E gli editori? «Posso parlare del mio. Su alcuni siti circolano voci infami su Domenico Maduli, quando mi sono insediato ho ricevuto lettere che mi pregavano di non accettare quel posto, io so solo che la sua televisione è stata fin dal primo momento al fianco delle battaglie del procuratore Gratteri e qui in Calabria non è per niente irrilevante».

Il “cuore“ delle notizie da Reggio a Catanzaro

FotoLaPresse

Il procuratore Nicola Gratteri, al di là delle polemiche che lo investono dentro e fuori la magistratura, ha inciso notevolmente in questi ultimi cinque anni nel contesto informativo calabrese. Ha spostato il “cuore” delle notizie da Reggio a Catanzaro, da ‘Ndrangheta City sciolta per mafia nel 2012 all’inchiesta Rinascita Scott del 2019.
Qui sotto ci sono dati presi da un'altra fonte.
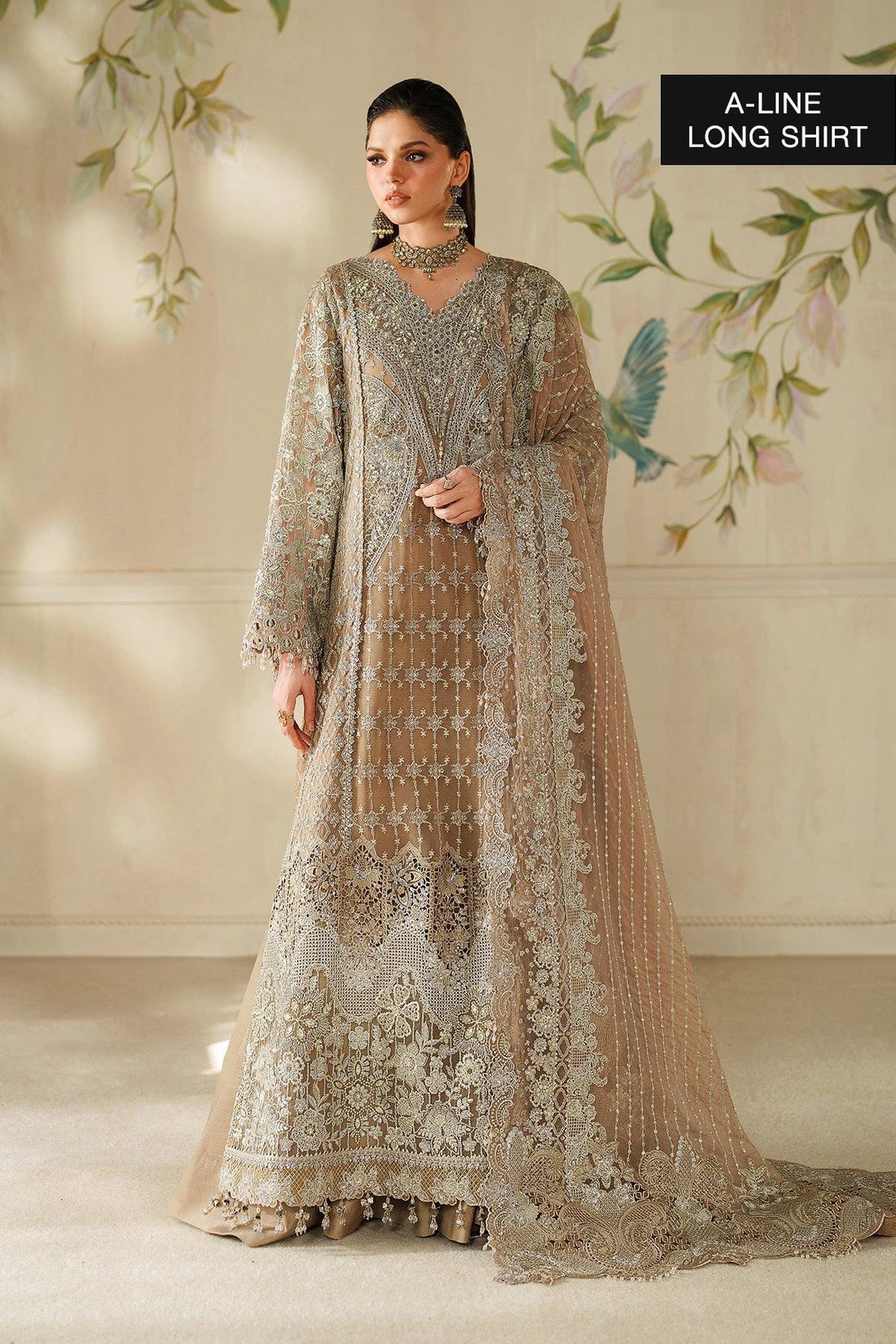 EMBROIDERED CHIFFON CH14-08 STITCHED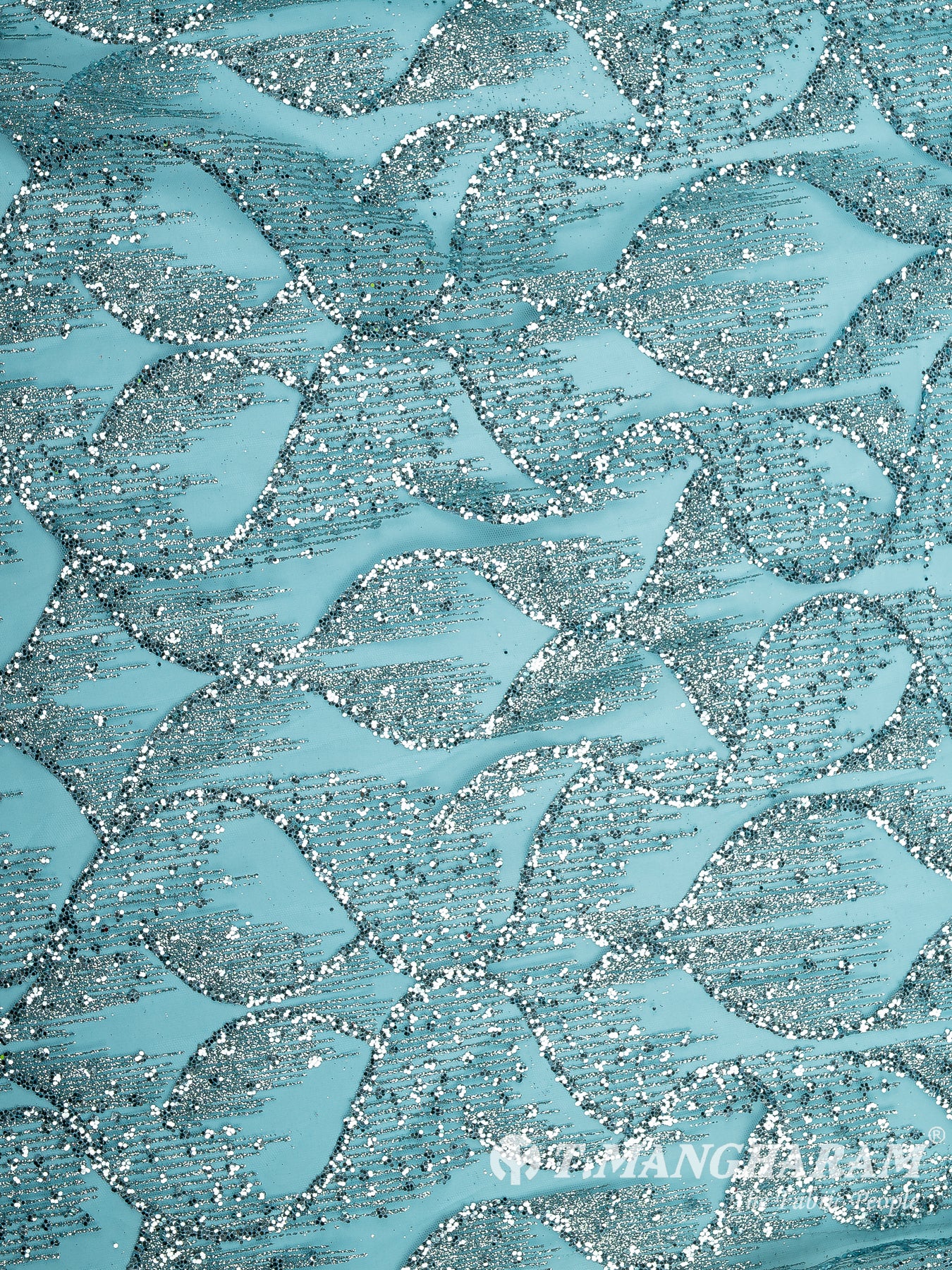 Blue Fancy Net Fabric - EC12496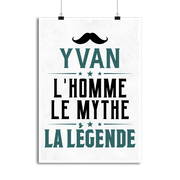 Affiche yvan l'homme le mythe la légende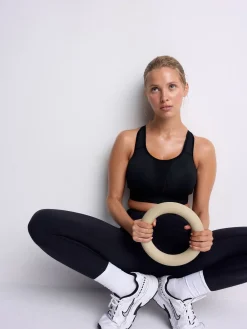 Next DD+ Ultimate Dry Tech Breathable Lightweight Pad High Impact Sports Bra Black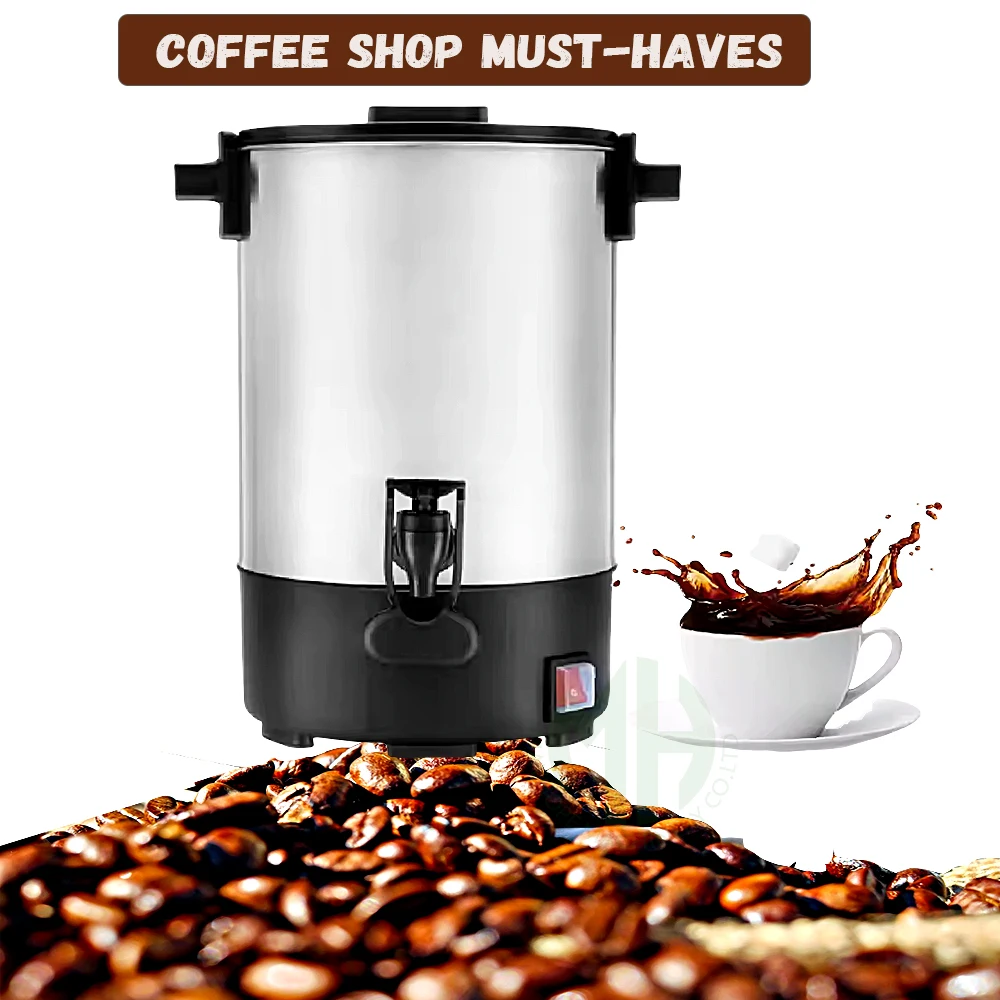 3L 4.5L 6L  7.5L(20 cups 30cups  40cups 50 cups) Stainless Steel Single Layer Coffee Urn Coffee Percolator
Il centro della Calabria mafiosa e antimafiosa si è trasferito un centinaio di chilometri più su, il maxi processo, le uscite di Gratteri, i fuochi che accende. Reggio non è certo diventata periferia, ma da quando i procuratori Giuseppe Pignatone e Michele Prestipino l’hanno lasciata (e da quando Scopelliti e il suo codazzo non sono più su piazza) la punta estrema della Calabria è come entrata in un cono d’ombra.

Claudio Cordova, fondatore e direttore de Il Dispaccio, quotidiano online di buona fattura e reputazione, dice che non è un momento felice per il giornalismo reggino: «Non si vuole più parlare di ‘Ndrangheta, la politica soprattutto non ne vuole parlare». E neanche di scandali o di vergogne: «Noi abbiamo raccontato tutti i legami dell'ex magistrato Luca Palamara con i giudici calabresi, abbiamo fatto nomi, spiegato gli intrecci. Cosa è accaduto? Assolutamente nulla, nessun giornale di carta o sito online ha ritenuto interessante le trame di Palamara con la giustizia di Reggio».

Alla fine di quest’altro viaggio nel giornalismo di una regione in fondo all'Italia, ci siamo immaginati una redazione formata da tutti i giornalisti calabresi che abbiamo incontrato, quelli vicini e quelli lontani. Alessia e Pablo, Giuseppe, Pietro, un’altra Alessia, Claudio, Camillo, Pasquale, un secondo Giuseppe, Arcangelo, Lucio, Giovanni. Una redazione fantastica. A patto che non ci sia un Citrigno come editore.